((
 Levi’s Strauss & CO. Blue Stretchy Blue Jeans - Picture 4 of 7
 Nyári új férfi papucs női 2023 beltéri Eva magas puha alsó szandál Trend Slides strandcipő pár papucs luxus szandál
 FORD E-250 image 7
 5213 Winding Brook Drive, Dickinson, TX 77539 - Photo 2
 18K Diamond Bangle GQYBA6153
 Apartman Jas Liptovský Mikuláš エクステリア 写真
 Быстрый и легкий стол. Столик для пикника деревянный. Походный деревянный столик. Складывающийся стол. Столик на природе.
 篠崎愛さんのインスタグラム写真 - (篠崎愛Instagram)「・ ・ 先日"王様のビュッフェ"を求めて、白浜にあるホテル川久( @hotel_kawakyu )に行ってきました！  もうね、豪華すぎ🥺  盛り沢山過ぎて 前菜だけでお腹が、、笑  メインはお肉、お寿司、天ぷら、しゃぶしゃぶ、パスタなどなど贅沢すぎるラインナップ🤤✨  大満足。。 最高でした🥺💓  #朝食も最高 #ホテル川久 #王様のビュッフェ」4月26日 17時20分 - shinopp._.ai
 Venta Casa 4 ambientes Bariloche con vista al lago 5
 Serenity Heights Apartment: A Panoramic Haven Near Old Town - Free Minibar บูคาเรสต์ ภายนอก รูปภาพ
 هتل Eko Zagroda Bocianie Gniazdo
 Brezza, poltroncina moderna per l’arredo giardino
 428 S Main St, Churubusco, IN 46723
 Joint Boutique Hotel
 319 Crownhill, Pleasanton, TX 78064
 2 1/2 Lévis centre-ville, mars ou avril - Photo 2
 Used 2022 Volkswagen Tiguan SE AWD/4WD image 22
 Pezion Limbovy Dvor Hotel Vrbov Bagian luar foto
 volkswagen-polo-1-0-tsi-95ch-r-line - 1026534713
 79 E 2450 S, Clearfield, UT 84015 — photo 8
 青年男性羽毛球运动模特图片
))
**EXERCISE OBJECTIVE:** Where a line of the records holds the word "image", copy that line.

**RESULT OF THIS EXERCISE:**
 FORD E-250 image 7
 Used 2022 Volkswagen Tiguan SE AWD/4WD image 22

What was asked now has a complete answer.